[Excerpts from a dataset]

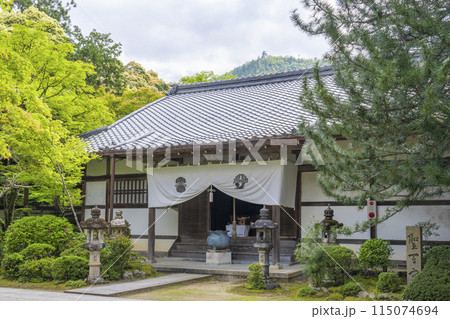 新緑の京都　槇尾山西明寺　聖天堂 115074694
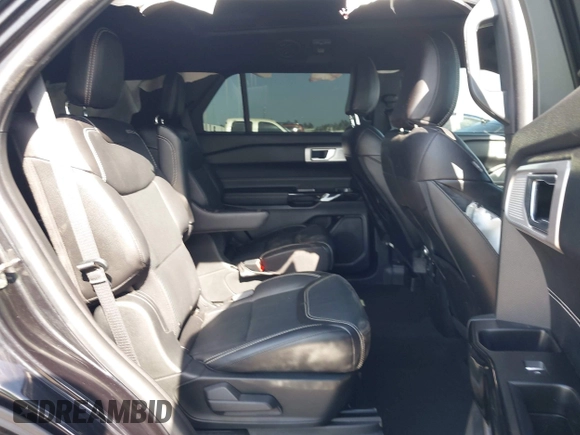2022 Ford Explorer ST z VIN 1FM5K8GC1NGA40631, wystawiony jako IAAI lot #42009716 z przebiegiem 37 700 mil mil oraz . Historia ofert i sprzedaży dostępna na DreamBid. Obrazek 8.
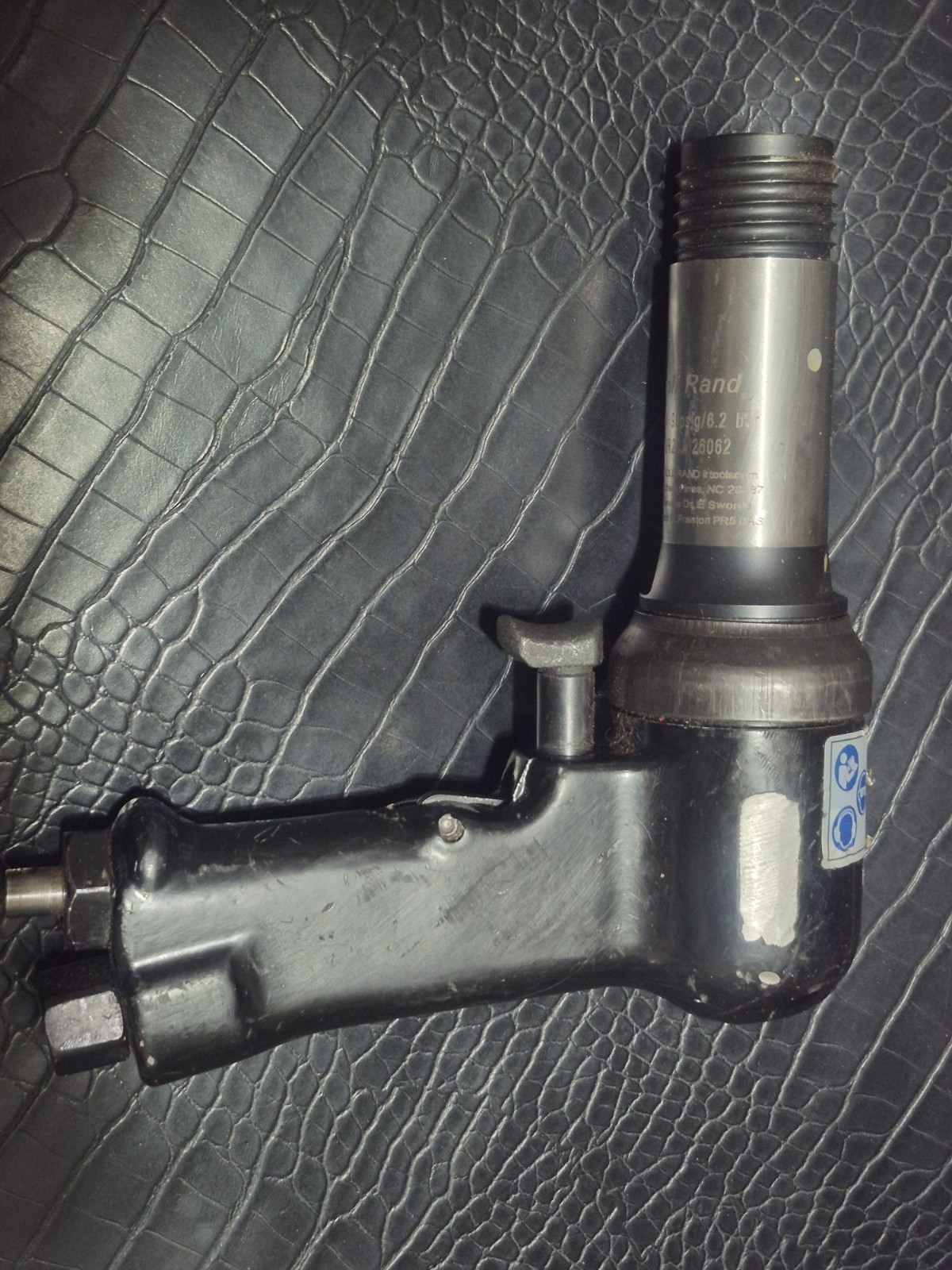 INGERSOLL RAND AVC-12 3X RIVET GUN AVIATION AIRCRAFT TOOLS AIR TOOLS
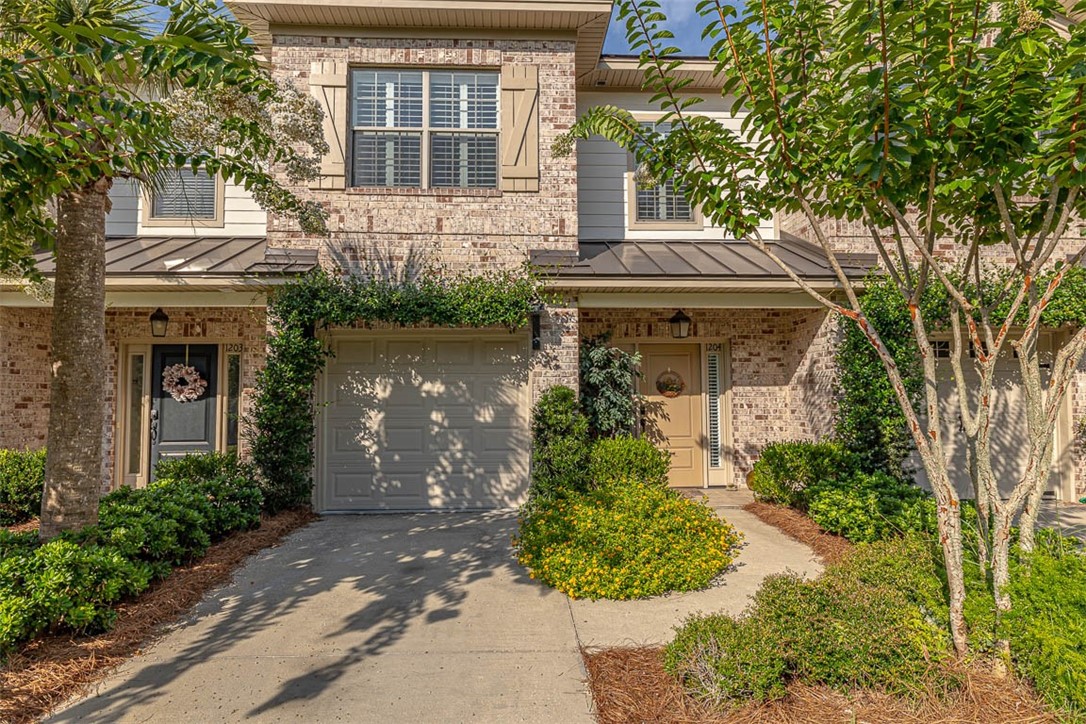 1204 Reserve Lane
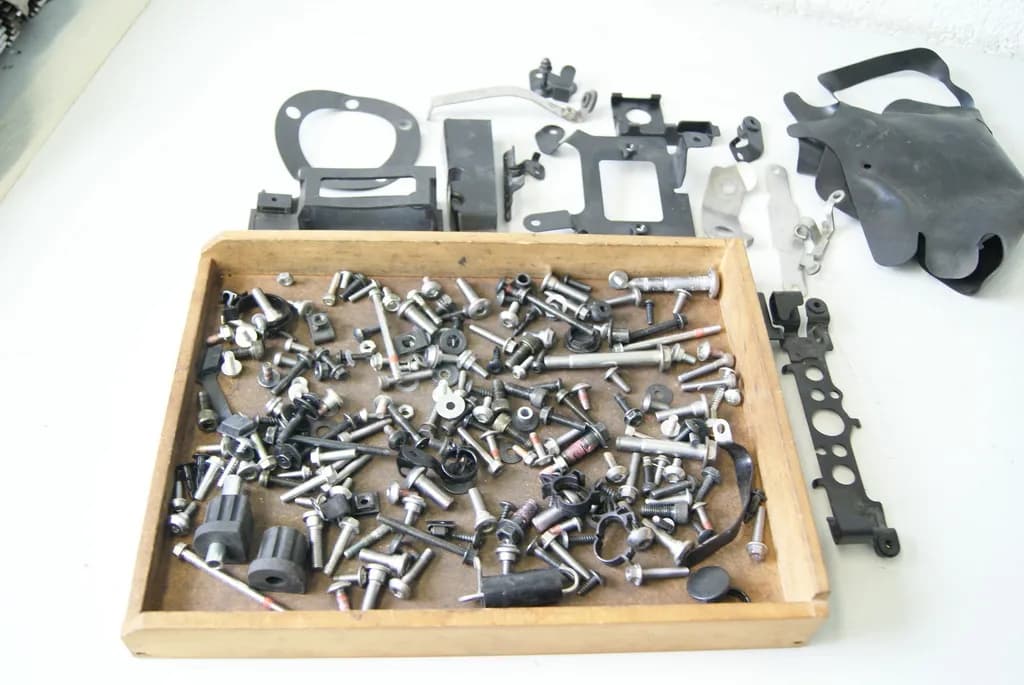 KAWASAKI ZX-6R ZX600R SCHRAUBEN KLEINTEILE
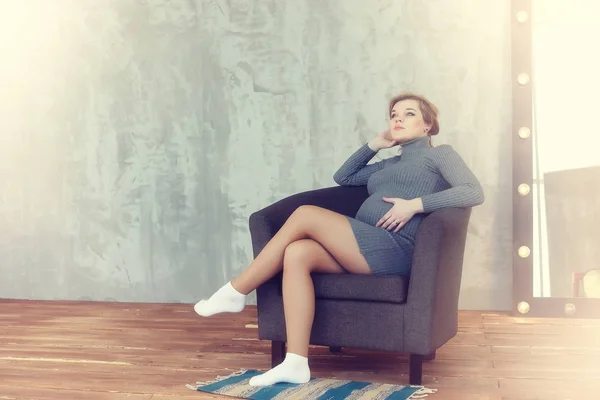 Gravid ung och vacker flicka i en vintage hem — Stockfoto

WORK TASK:
Every record above must be printed exactly, except for its images.

TASK RESULT:
 新緑の京都　槇尾山西明寺　聖天堂 115074694
2022 Ford Explorer ST z VIN 1FM5K8GC1NGA40631, wystawiony jako IAAI lot #42009716 z przebiegiem 37 700 mil mil oraz . Historia ofert i sprzedaży dostępna na DreamBid. Obrazek 8.
 INGERSOLL RAND AVC-12 3X RIVET GUN AVIATION AIRCRAFT TOOLS AIR TOOLS
 1204 Reserve Lane
 KAWASAKI ZX-6R ZX600R SCHRAUBEN KLEINTEILE
 Gravid ung och vacker flicka i en vintage hem — Stockfoto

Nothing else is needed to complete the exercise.